Черный тюльпан. Учитель фехтования (сборник) Дюма Александр
— Откуда же мне знать? — ответил Бокстель еле слышным голосом.
— Сударь, сейчас арестовывают вашего соседа Корнелиуса ван Барле по обвинению в государственной измене.
— Что ты! — пробормотал слабеющим голосом Бокстель. — Разве это возможно?
— По крайней мере, так говорят; к тому же я сам видел, как к нему вошли судья ван Спеннен и лучники.
— Ну, если ты сам видел, это другое дело, — ответил Бокстель.
— Во всяком случае я еще раз схожу разведать, — сказал слуга. — И не беспокойтесь, сударь, я буду вас держать в курсе дела.
Бокстель легким кивком поощрил усердие своего слуги.
Слуга вышел и через четверть часа вернулся обратно.
— О сударь, — сказал он, — все, что я вам рассказал, это истинная правда.
— Так что же?
— Господин ван Барле арестован; его посадили в карету и увезли в Гаагу.
— В Гаагу?
— Да, и там, если верить разговорам, ему несдобровать.
— А что говорят?
— Представьте, сударь, говорят — но это еще только слухи, и еще нет полной уверенности, — говорят, что там горожане убивают сейчас господ Корнелия и Яна де Виттов.
— О!.. — простонал или, вернее, прохрипел Бокстель, закрыв глаза, чтобы не видеть ужасной картины, которая, безусловно, ему представилась.
— Черт возьми, — заметил, выходя, слуга, — мингер Исаак Бокстель, по всей вероятности, очень болен, раз при такой новости он не соскочил с кровати.
Действительно, Исаак Бокстель был очень болен, он был болен, как человек, только что убивший другого человека.
Но он убил человека с двойной целью. Первая была достигнута, теперь оставалось достигнуть второй.
Приближалась ночь. Бокстель ждал именно этой ночи.
Наступила ночь; он встал.
Затем он влез на свой клен.
Он правильно рассчитал: никто и не думал охранять сад, ибо дом и слуги были в полном смятении.
Бокстель слышал, как пробило десять часов, потом одиннадцать, двенадцать.
В полночь он, с бьющимся сердцем, с дрожащими руками, с мертвенно-бледным лицом, слез с дерева, взял лестницу, приставил ее к ограде и, поднявшись до предпоследней ступени, прислушался.
Кругом было спокойно. Ни один звук не нарушал ночной тишины.
Единственный огонек брезжил во всем доме: он теплился в комнате кормилицы.
Мрак и тишина ободрили Бокстеля.
Он перебросил ногу через ограду, задержался на секунду на самом верху, потом, убедившись, что ему нечего бояться, перекинул лестницу из своего сада в сад Корнелиуса и спустился по ней вниз.

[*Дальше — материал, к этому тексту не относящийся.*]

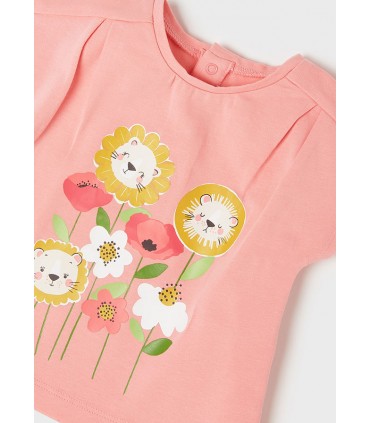 SET CAMISETAS BEBE ESTAMPADO MARCA MAYORAL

Зная в точности место, где были посажены луковицы будущего черного тюльпана, он побежал в том направлении, но не прямо через грядки, а по дорожкам, чтобы не оставить следов. Дойдя до места, с дикой радостью погрузил он свои руки в мягкую землю.

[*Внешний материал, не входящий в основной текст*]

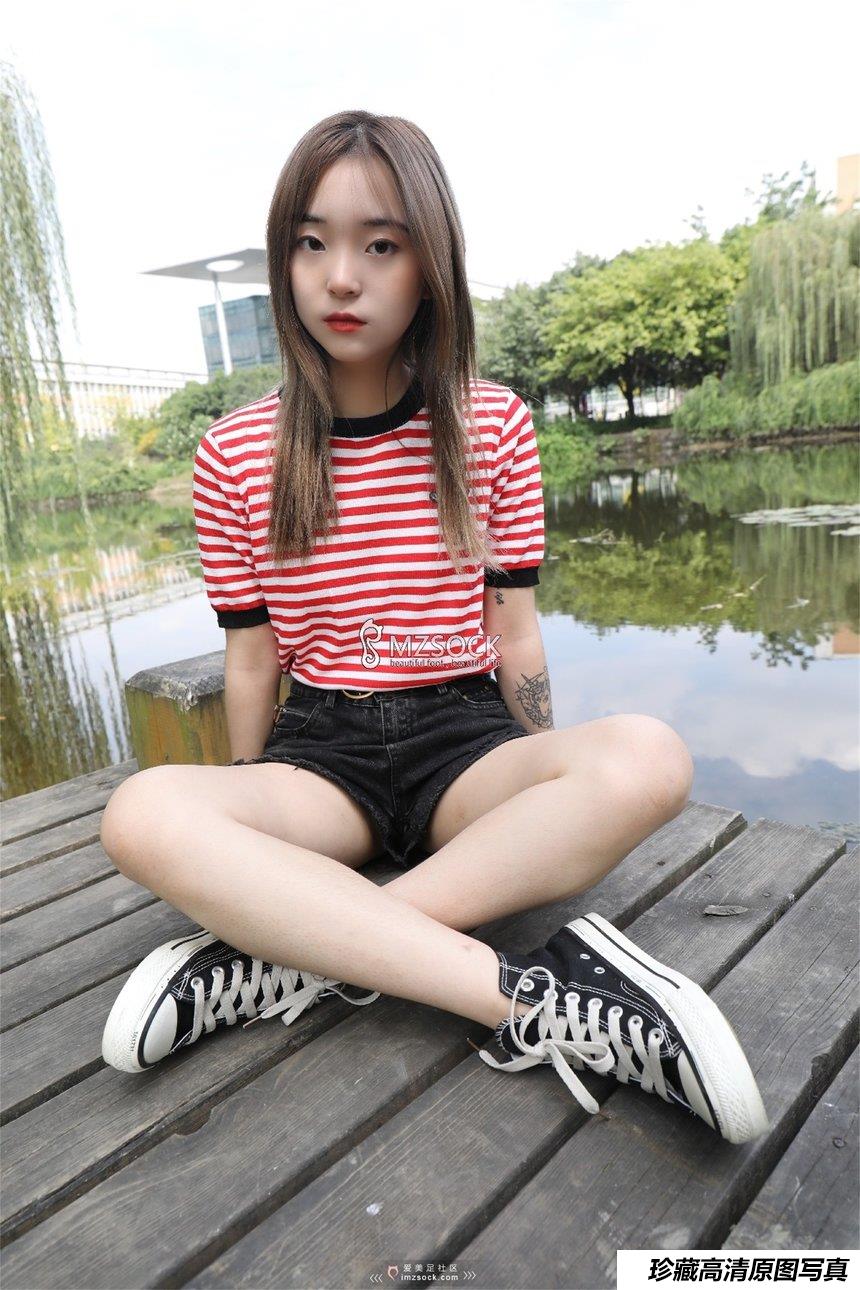 [MZSOCK]爱美足 NO.069 梦琪 [80P／229MB]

Он ничего не нашел и решил, что ошибся местом.
Пот градом выступил у него на лбу.
Он копнул рядом — ничего.
Копнул справа, слева — ничего.
Спереди и сзади — ничего.
Он чуть было не лишился рассудка, так как заметил, наконец, что земля была взрыта еще утром.
Действительно, в то время, когда Бокстель лежал еще в постели, Корнелиус спустился в сад, вырыл луковицу и, как мы видели, разделил ее на три маленькие луковички.
У Бокстеля не хватило решимости оторваться от заветного места. Он перерыл руками больше десяти квадратных футов.
И в конце концов он перестал сомневаться в своем несчастье.
Обезумев от ярости, он добежал до лестницы, перекинул ногу через забор, снова перенес лестницу от Корнелиуса к себе, бросил ее в сад и спрыгнул вслед за ней.
Вдруг его осенила последняя надежда.
Луковички находятся в сушильне.
Остается проникнуть в сушильню, так же как он проник в сад.
Там он их найдет.
В сущности, сделать это было не труднее, чем проникнуть в сад.
Стекла в сушильне поднимались и опускались, как в оранжерее.
Корнелиус ван Барле открыл их этим утром, и никому не пришло в голову закрыть их.
Все дело было в том, чтобы раздобыть достаточно высокую лестницу, длиною в двадцать футов, вместо двенадцатифутовой.
Бокстель не раз видел, что на улице, где он жил, ремонтировали дом. К нему была приставлена гигантская лестница.
Она-то, если ее не унесли рабочие, несомненно подошла бы ему.
Он побежал к тому дому. Лестница стояла на своем месте.
Бокстель взял ее и с большим трудом дотащил до своего сада. Еще с большим трудом ему удалось приставить ее к стене дома Корнелиуса.
Лестница как раз доходила до верхней подвижной рамы.
Бокстель положил в карман зажженный потайной фонарь, поднялся по лестнице и проник в сушильню.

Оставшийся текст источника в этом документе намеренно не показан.